Thankfully though, after trying to process what the heck it was, it turned out to be a land train of cyclists (>20 easily), riding out together in a big group where safety in numbers was obviously key to their survival. Not one reflective vest from what I could see, just a boat load of lumens to try and block out my face palm. We've some fair weather though, they often appear out of nowhere in numbers down this neck of the woods, so can we have some rain, pretty please.
Now looking at the long range weather forecast before the season end it all looked a bit pants to be honest as we could do with some rain . So for giving a late season barbel a go anyway, things didn't look promising but was I missing something ? only one way to find out I suppose.Now this new area I've been frequenting on the Warwickshire Avon probably sees more horses than anglers (not seen one yet) so I was back for some barbel blanking punishment, because I ain't done that well thus far in my quest for a PB beater. They are here though I know that for certain, so I've just got to keep plugging away with the short sessions I do, and get lucky.

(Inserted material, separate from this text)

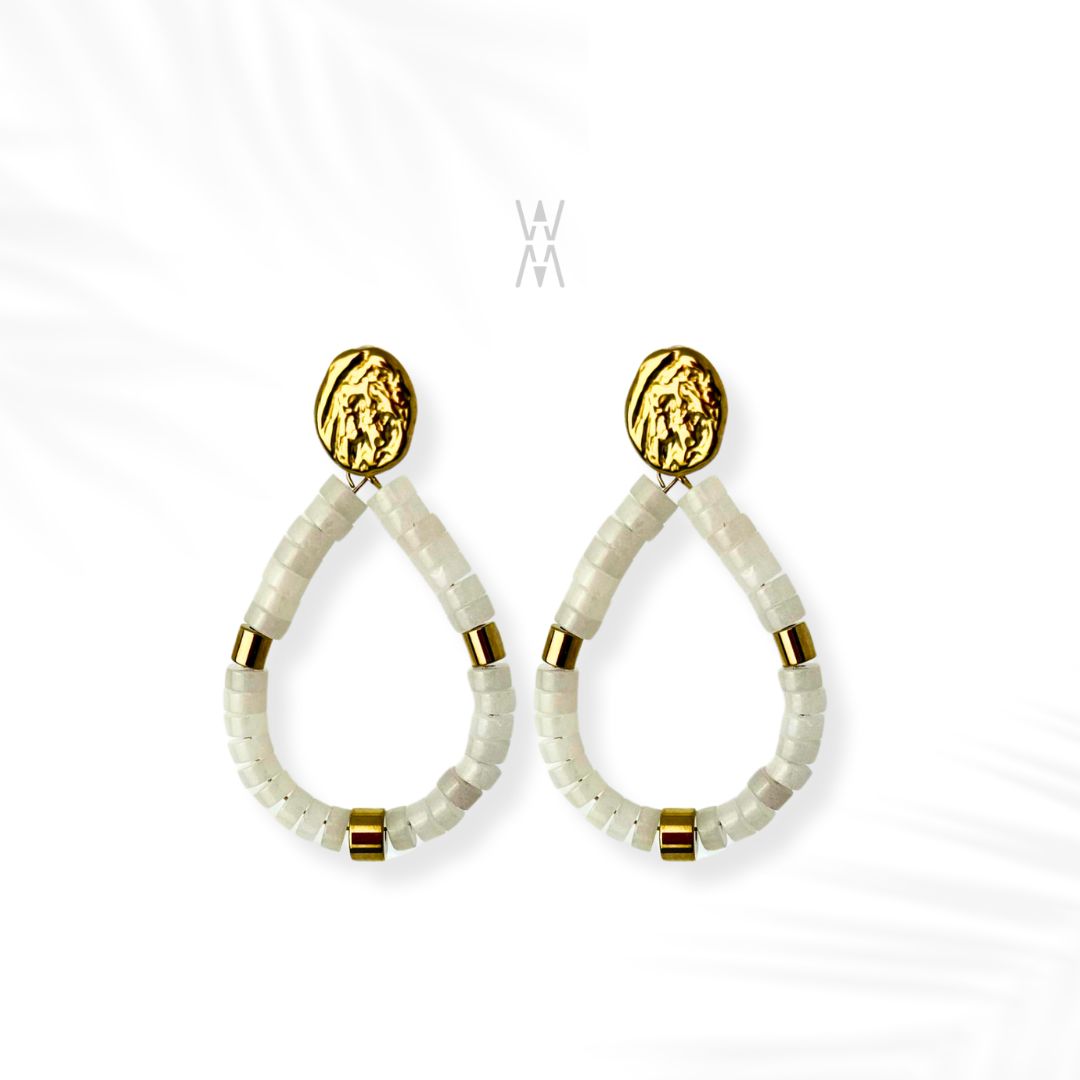 Kito | Pearl and stainless steel earrings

Now it's not all bad as I've caught some nice >5 chub here now so one of those would do as well to be fair, so anyway for this session I'd bait drop some hemp, small pellets and maggots coming up to dusk and fish a small Dynamite Baits glugged Hot Fish boilie over the top of the whisker twitching Smörgåsbord.
Now the barbel, Barbus barbus, is the other big long powerful inedible cyprinid of British waters. Its shape is much like a chub's, but it is darker in colour and has a more flattened head, and its tail is curiously asymmetrical, with the lower lobe rounded but the upper lobe pointed.

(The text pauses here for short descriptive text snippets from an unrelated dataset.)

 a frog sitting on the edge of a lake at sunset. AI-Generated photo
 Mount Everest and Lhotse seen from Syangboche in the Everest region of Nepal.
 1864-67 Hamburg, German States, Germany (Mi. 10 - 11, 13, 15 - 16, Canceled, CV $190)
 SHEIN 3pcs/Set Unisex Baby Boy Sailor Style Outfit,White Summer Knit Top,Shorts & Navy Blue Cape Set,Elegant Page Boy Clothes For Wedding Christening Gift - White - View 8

It is a bottom feeder, a river-pig, not at all fastidious, the big barbel of the Danube fall to worms taken from the Viennese sewers. Barbel nose into gravel and silt, and feel for food with the four long barbules, two on the chin and two at the angle of the underslung jaw, as well as feeling it they can sample its flavour, with the taste-buds on the barbules, before it enters their mouths.
Sometimes they take food in midwater, conspicuously, they turn belly-upwards to get at it and the pale underside shows clearly. This turning over presumably lets them feel and taste the floating food, before swallowing it. It is obviously the beard-like barbules that give them their name; for "barb" meant "beard" in English, as it does in French, before it became restricted to pointed bits of metal.